Lexing from string

Hello,

I would like to use the function Lexing.from_string, but to specify the starting line number and character offset. Is there a good way to do this? I have tried artificially mutating the lexbuf with the expected values, but it seems that the lexer considers my string to contain only eof.
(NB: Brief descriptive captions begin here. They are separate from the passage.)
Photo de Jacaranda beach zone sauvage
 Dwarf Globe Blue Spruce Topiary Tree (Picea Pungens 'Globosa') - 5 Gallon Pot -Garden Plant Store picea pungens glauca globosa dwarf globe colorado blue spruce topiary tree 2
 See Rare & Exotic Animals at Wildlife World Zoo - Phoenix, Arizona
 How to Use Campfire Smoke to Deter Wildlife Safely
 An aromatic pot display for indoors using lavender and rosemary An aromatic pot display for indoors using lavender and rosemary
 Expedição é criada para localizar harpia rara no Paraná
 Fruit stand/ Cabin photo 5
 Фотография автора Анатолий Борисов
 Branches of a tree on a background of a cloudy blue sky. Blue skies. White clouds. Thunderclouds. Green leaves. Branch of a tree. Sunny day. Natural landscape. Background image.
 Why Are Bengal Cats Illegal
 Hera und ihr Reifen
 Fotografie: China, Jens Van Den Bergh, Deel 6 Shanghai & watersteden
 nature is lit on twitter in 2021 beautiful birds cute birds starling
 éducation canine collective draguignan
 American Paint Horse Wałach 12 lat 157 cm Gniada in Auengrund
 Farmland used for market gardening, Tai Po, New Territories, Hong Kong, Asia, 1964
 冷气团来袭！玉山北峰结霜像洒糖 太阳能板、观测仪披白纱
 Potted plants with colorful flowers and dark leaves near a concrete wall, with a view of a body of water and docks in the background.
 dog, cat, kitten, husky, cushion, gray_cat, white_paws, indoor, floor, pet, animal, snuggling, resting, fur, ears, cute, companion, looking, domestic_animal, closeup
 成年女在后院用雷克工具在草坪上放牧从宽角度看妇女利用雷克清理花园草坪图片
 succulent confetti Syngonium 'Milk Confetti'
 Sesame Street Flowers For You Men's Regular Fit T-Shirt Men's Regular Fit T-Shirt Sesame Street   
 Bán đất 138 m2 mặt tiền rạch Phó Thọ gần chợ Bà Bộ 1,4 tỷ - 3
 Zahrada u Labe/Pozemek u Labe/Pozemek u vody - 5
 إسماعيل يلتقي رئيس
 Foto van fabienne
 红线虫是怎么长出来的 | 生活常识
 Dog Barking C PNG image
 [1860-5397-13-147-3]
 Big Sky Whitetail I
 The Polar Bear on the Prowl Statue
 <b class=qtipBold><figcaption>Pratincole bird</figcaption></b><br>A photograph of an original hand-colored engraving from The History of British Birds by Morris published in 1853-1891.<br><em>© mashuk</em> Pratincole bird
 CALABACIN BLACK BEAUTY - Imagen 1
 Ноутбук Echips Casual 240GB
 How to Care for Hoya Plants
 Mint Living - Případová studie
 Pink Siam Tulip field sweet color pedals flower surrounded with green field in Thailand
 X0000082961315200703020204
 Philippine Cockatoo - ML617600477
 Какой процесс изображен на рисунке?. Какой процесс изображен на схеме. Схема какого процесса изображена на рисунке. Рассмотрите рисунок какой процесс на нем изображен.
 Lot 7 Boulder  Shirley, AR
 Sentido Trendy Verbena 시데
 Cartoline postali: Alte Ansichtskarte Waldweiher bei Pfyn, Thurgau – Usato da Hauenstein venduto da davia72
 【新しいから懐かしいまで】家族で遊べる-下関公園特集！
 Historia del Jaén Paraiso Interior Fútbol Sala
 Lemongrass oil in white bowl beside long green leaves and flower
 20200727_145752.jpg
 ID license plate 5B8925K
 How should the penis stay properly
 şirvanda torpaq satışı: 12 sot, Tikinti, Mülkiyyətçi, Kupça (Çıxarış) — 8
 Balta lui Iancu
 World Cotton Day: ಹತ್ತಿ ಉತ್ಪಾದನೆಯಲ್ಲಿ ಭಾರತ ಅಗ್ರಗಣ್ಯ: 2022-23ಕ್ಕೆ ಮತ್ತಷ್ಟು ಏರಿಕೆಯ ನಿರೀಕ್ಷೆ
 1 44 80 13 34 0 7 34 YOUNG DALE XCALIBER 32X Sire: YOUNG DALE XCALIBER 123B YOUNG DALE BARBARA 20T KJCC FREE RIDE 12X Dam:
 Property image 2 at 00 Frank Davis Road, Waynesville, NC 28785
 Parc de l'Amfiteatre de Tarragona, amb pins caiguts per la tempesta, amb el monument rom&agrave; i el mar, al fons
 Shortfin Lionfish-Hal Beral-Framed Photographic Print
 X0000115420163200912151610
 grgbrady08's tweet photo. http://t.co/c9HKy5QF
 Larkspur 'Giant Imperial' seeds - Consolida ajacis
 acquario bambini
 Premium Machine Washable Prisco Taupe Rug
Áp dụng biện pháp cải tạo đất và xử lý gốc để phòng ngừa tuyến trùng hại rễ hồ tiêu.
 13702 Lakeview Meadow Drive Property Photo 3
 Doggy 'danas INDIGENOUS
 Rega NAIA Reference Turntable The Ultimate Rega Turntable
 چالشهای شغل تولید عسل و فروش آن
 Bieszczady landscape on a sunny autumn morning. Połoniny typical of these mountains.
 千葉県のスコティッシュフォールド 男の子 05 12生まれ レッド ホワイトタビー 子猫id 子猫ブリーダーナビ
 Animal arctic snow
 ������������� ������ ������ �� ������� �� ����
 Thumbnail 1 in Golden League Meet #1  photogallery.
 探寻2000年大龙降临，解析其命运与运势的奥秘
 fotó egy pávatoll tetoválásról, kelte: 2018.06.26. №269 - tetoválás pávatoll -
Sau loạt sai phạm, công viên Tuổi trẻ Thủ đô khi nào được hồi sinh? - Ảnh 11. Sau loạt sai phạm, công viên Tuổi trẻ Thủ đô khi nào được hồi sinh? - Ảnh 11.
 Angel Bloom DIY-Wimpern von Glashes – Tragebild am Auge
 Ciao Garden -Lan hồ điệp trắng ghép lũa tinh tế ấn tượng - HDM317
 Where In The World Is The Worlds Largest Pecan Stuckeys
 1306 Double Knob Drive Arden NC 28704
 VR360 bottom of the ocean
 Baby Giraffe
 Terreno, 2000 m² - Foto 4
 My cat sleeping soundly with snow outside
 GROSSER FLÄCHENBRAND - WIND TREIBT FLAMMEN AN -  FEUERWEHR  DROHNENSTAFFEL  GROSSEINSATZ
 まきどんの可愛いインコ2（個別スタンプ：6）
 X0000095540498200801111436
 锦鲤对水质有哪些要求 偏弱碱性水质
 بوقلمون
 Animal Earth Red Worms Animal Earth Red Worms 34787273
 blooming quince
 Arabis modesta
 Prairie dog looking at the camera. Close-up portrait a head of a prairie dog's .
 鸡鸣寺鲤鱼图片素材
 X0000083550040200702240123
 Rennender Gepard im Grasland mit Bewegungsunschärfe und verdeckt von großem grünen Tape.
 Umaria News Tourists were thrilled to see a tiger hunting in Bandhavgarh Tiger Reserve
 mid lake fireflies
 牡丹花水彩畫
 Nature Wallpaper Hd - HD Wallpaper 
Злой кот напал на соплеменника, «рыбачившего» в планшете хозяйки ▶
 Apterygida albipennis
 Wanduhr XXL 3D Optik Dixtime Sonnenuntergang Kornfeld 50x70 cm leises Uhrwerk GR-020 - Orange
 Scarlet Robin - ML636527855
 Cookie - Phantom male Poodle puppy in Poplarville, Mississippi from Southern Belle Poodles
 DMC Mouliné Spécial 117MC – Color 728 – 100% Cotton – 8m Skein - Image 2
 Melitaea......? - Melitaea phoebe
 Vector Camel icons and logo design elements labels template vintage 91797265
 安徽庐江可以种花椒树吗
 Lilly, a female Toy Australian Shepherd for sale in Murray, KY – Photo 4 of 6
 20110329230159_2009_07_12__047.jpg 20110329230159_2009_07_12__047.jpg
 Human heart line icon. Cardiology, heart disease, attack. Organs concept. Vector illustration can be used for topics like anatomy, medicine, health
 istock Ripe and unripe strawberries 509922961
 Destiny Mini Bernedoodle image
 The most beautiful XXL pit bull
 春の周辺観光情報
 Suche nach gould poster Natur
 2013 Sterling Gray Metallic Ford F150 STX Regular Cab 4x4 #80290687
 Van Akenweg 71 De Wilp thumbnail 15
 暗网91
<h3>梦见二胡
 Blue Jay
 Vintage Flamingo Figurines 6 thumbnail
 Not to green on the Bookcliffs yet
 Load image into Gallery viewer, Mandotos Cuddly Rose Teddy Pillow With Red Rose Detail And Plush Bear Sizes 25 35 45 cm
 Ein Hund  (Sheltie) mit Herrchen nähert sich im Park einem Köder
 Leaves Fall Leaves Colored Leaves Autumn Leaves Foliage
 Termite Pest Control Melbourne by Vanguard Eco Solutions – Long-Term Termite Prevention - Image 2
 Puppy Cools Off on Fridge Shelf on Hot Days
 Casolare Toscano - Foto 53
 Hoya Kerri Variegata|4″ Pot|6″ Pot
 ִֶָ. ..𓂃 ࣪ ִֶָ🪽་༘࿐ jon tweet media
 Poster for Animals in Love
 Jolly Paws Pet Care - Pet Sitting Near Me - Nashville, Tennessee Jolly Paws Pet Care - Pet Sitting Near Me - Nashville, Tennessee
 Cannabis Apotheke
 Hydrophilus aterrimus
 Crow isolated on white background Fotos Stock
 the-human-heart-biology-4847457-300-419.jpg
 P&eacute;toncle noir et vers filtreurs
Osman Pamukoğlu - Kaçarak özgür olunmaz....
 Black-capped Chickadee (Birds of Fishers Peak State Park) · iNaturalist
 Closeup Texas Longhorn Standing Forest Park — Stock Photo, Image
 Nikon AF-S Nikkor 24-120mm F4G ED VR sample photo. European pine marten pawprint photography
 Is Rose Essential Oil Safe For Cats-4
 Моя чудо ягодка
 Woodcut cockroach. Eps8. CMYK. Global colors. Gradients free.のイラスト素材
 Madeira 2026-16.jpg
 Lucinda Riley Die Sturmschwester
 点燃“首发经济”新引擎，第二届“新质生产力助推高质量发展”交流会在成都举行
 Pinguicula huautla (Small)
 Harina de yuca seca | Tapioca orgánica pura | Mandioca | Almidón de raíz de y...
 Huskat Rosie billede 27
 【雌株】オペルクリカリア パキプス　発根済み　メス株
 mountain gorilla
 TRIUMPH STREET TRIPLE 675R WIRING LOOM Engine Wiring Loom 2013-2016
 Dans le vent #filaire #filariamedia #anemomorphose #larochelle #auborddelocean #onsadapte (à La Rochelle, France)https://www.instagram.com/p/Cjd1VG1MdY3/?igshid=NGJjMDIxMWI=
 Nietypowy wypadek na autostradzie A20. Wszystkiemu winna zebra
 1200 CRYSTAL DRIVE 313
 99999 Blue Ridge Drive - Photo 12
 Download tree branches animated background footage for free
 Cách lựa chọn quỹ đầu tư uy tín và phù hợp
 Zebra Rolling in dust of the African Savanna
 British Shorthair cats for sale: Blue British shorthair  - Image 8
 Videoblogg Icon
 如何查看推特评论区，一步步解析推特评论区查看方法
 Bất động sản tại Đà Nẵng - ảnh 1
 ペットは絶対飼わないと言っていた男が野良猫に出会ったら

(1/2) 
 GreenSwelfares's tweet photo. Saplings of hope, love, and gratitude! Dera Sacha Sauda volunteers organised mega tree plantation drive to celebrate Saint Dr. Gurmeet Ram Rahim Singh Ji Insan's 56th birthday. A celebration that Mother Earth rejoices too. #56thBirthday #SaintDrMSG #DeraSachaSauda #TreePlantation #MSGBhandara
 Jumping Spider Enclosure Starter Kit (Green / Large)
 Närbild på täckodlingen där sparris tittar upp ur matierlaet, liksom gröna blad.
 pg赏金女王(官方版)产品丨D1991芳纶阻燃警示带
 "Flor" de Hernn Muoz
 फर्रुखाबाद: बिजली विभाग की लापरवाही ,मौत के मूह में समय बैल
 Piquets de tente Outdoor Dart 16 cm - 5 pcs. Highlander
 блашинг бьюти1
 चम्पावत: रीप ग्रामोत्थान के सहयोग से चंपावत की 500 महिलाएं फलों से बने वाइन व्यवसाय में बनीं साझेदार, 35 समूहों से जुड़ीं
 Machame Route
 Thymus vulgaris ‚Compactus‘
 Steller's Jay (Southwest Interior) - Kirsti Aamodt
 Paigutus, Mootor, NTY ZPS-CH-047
maybe post an example code that shows the problem?

Lexer (lex.mll):

rule token = parse

| "test1" { (lexbuf.Lexing.lex_curr_p.Lexing.pos_cnum,"test1") }

| "test2" { (lexbuf.Lexing.lex_curr_p.Lexing.pos_cnum,"test2") }

| " "     { (lexbuf.Lexing.lex_curr_p.Lexing.pos_cnum," ") }

| eof     { (lexbuf.Lexing.lex_curr_p.Lexing.pos_cnum,"eof") }

Usage attempts:

let _ =
Printf.printf "case 1\n";
    let string = "test1 test2" in
    let lexbuf = Lexing.from_string string in

      let tok = Lex.token lexbuf in
      Printf.printf "%d %s\n" (fst tok) (snd tok);


Printf.printf "case 2\n";
    let string = "test1 test2" in
    let lexbuf = Lexing.from_string string in

      lexbuf.Lexing.lex_start_pos <- 500;
      lexbuf.Lexing.lex_curr_pos <- 500;
      lexbuf.Lexing.lex_last_pos <- 500;
      lexbuf.Lexing.lex_eof_reached <- false;
      let pos = { Lexing.pos_fname = "file";
                  Lexing.pos_lnum = 500;
                  Lexing.pos_bol = 500;
                  Lexing.pos_cnum = 500; } in
      lexbuf.Lexing.lex_start_p <- pos;
      lexbuf.Lexing.lex_curr_p <- pos;

      let tok = Lex.token lexbuf in
      Printf.printf "%d %s\n" (fst tok) (snd tok)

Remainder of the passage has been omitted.